"Out of reach of the flame of the fire, I took some black material like smoke."
Leeuwenhoek often worked by comparing structures and processes in a variety of related specimens. For the observations reported in this letter, he gathered his specimens from shops around Delft.
An apothecary, perhaps the passage that triggered Lister's concern:
Some time after this I discussed the making of salt of Carduus benedictus with an apothecary, who told me that the salt most of his colleagues sell as Sal Cardui benedicti was nothing but a mishmash of the burned stalks of various herbs, and that he had now freshly made, genuine Sal Cardui benedicti.
A chemist:
I have examined the salt of wormwood, as kept in bottles by the chemist.

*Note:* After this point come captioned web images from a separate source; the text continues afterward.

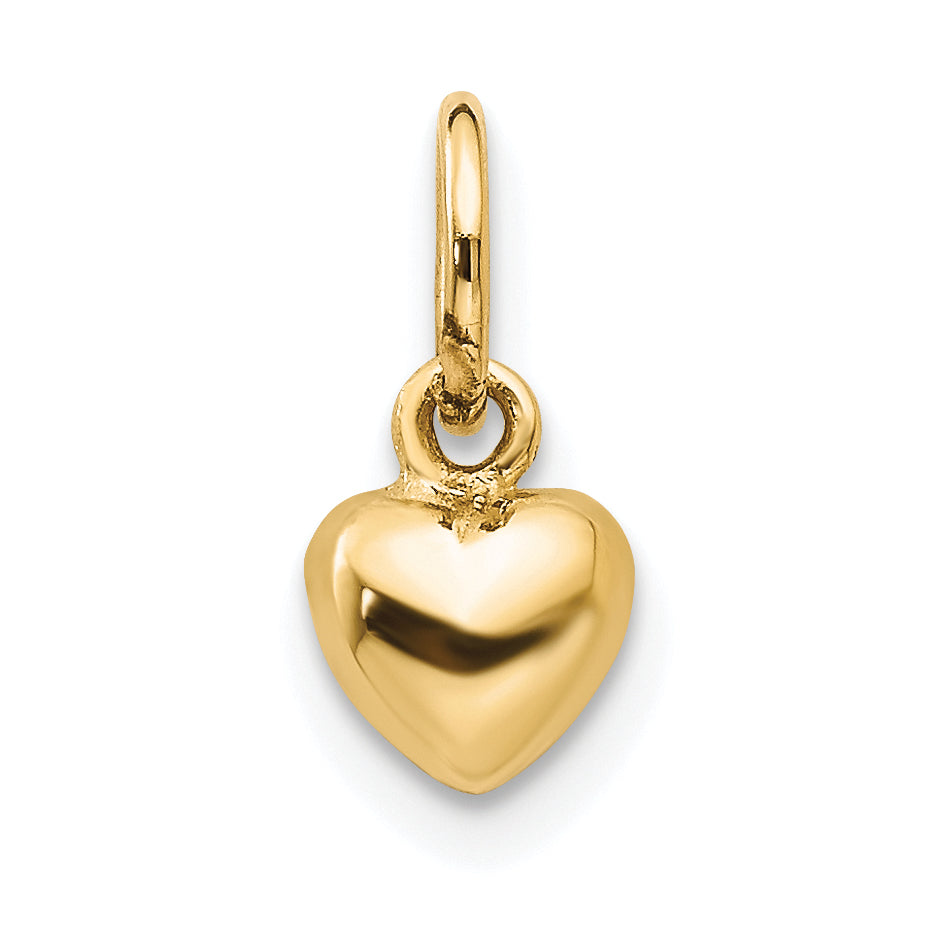 10K Polished 3-D Heart Charm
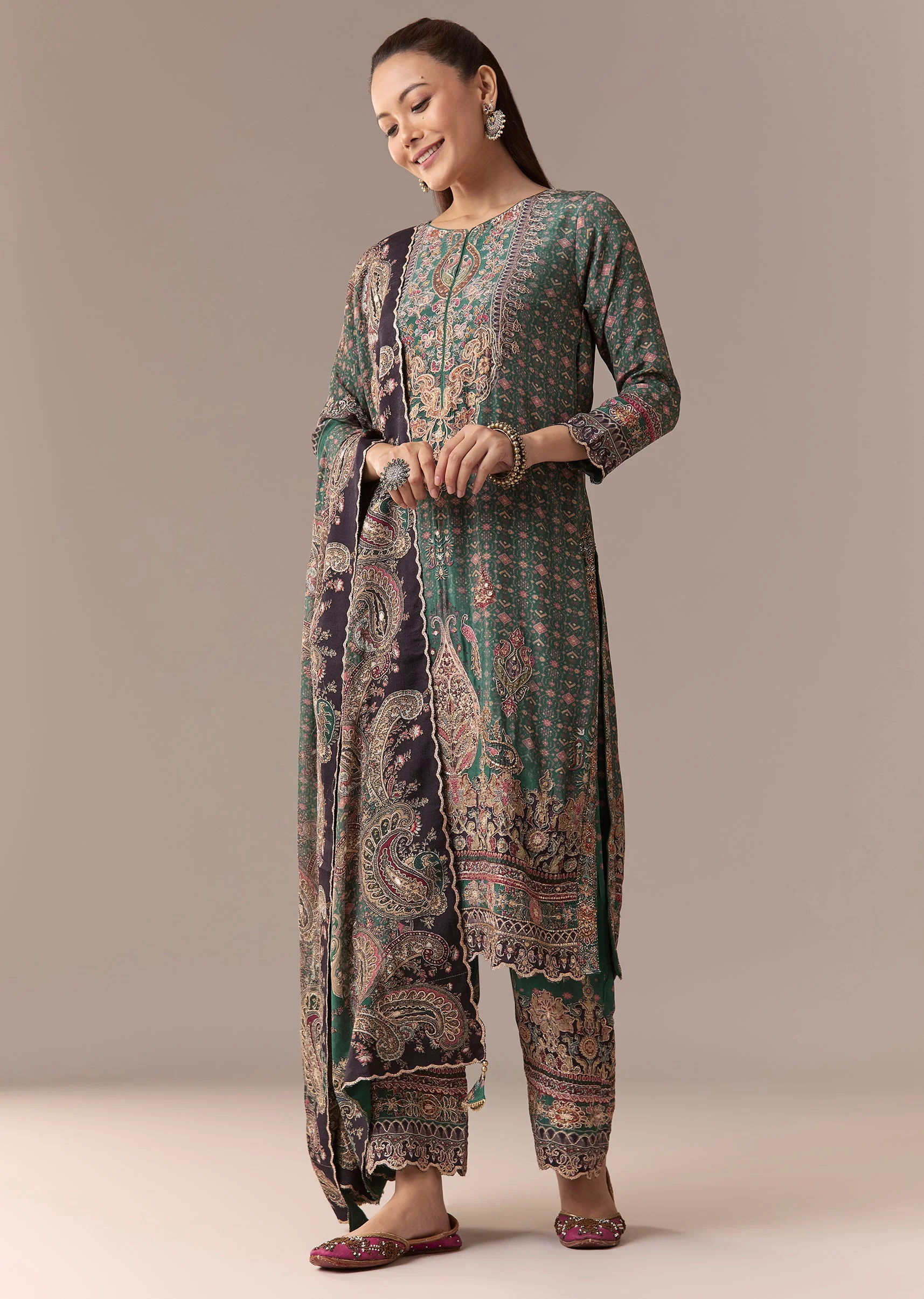 Green Indie Printed Kurta Set With Pant And Dupatta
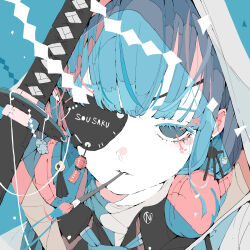 Rule 34 | 1girl, absurdres, black shirt, blue background, blue eyes, blue hair, blunt bangs, close-up, collared shirt, commentary request, earrings, eyepatch, headphones, headphones around neck, highres, hood, hood up, hoodie, jewelry, katana, long hair, looking at viewer, mouth hold, no pupils, nocopyrightgirl, original, paintbrush, pale skin, portrait, scabbard, serious, sheath, shirt, solo, sword, tassel, tassel earrings, weapon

Delft had only one armament factory:
On and above the iron doors at the mouth of the furnace in which cannons are cast, there is a white, ash-like substance which is formed there from the matter ejected from the furnace by the copper, the tin and the flame of the wood and there adheres or collects. I took some of this ash.
A Delftware factory:
Our potters use much tin and lead which they burn, in furnaces, to ashes. This process of burning, which they sometimes continue for ten to twelve days on end, so as to lay up a stock that will last them a long time, and avoid having to spend two or three days at it every month, is so injurious to the health of those engaged on the work that they are overcome after no more than 24 hours' attendance at the furnace, and then look as though they had been poisoned.
This means that a different man has to be put every day on the job of watching the furnaces and continually skimming off the ashes which accumulate on the surface of the molten lead and tin, and scooping it out of the furnace. This led me to collect the ash-like substance on the bricks close to the mouth of the furnace, licked by the flame which constantly spurts through the mouth of the furnace, and to put it in water and examine the latter when it had become clear.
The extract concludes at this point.